Each line from the opening of the listing below through the line that contains "Brazilian man had" is to be output exactly as written.

= Provided material =
----
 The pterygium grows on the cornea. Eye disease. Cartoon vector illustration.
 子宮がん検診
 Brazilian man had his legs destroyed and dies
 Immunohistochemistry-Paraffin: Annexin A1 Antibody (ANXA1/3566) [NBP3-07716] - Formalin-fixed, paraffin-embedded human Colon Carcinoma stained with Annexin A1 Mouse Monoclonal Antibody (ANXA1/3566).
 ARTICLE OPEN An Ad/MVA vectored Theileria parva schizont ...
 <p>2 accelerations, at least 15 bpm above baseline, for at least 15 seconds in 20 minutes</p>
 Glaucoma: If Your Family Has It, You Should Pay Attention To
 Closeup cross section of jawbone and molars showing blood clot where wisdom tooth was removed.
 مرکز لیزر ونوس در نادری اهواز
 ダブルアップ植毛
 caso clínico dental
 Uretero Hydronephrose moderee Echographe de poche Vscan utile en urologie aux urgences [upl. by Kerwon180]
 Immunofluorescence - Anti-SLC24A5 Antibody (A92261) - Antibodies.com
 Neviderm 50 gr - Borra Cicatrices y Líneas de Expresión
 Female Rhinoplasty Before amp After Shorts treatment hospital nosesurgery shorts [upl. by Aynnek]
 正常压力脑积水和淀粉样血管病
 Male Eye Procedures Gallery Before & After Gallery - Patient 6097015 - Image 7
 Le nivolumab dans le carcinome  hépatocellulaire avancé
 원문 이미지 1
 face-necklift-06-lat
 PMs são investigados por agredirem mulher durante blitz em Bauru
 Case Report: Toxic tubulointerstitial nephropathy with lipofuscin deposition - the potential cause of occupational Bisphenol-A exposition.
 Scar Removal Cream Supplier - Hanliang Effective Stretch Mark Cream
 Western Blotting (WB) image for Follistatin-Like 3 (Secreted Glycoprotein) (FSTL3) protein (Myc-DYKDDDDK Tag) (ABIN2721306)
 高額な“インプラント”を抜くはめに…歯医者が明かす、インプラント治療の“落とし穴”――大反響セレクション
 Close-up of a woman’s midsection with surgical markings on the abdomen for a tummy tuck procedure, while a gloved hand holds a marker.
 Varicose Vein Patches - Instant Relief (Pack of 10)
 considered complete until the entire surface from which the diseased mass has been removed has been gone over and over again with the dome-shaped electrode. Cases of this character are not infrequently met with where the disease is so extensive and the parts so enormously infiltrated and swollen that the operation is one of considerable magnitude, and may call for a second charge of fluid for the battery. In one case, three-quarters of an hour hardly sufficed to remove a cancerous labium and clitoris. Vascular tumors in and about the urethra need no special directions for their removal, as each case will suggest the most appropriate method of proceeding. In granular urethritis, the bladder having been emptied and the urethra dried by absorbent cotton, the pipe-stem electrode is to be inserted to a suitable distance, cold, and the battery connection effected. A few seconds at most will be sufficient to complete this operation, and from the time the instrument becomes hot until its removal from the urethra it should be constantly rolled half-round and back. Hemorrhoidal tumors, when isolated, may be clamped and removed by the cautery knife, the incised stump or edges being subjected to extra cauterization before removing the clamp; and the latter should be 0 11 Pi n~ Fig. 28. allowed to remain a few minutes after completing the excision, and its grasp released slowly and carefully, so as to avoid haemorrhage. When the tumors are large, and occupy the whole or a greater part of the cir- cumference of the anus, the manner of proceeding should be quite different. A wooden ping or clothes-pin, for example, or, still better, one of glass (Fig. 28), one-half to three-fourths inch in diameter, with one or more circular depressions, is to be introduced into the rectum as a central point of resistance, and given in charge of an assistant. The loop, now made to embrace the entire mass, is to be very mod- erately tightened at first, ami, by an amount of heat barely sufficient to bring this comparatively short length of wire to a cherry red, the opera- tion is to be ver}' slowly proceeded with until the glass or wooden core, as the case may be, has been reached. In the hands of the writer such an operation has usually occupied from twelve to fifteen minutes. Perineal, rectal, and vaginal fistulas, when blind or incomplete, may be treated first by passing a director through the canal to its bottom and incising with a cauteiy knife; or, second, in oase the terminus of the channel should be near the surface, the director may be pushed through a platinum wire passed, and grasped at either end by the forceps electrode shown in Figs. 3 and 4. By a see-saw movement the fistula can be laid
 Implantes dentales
----
= Response area =
 The pterygium grows on the cornea. Eye disease. Cartoon vector illustration.
 子宮がん検診
 Brazilian man had his legs destroyed and dies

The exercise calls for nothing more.